[Recorded data]
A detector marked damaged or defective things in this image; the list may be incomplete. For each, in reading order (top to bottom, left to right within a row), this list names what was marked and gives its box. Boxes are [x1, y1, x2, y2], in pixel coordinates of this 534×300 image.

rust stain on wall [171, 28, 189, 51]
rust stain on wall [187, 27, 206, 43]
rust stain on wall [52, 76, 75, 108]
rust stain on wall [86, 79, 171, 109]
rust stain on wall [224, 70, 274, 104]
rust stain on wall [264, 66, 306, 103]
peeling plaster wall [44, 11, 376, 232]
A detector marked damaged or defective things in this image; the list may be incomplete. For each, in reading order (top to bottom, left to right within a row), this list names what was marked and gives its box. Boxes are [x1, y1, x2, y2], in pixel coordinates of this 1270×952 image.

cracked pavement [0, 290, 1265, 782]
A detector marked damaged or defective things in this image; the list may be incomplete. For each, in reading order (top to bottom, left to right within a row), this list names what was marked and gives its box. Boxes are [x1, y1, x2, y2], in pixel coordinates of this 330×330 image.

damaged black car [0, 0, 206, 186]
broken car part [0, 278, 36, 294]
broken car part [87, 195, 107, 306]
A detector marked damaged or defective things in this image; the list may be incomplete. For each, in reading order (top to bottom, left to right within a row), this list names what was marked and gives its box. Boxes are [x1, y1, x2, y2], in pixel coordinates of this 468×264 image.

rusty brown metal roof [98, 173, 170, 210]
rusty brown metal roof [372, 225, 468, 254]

__Your goal__
An exact copy of the lines from the one containing "this 330×330 image." through the end of the data above is the whole answer.

__Task solution__
A detector marked damaged or defective things in this image; the list may be incomplete. For each, in reading order (top to bottom, left to right within a row), this list names what was marked and gives its box. Boxes are [x1, y1, x2, y2], in pixel coordinates of this 330×330 image.

damaged black car [0, 0, 206, 186]
broken car part [0, 278, 36, 294]
broken car part [87, 195, 107, 306]
A detector marked damaged or defective things in this image; the list may be incomplete. For each, in reading order (top to bottom, left to right within a row), this list names what was marked and gives its box. Boxes are [x1, y1, x2, y2], in pixel coordinates of this 468×264 image.

rusty brown metal roof [98, 173, 170, 210]
rusty brown metal roof [372, 225, 468, 254]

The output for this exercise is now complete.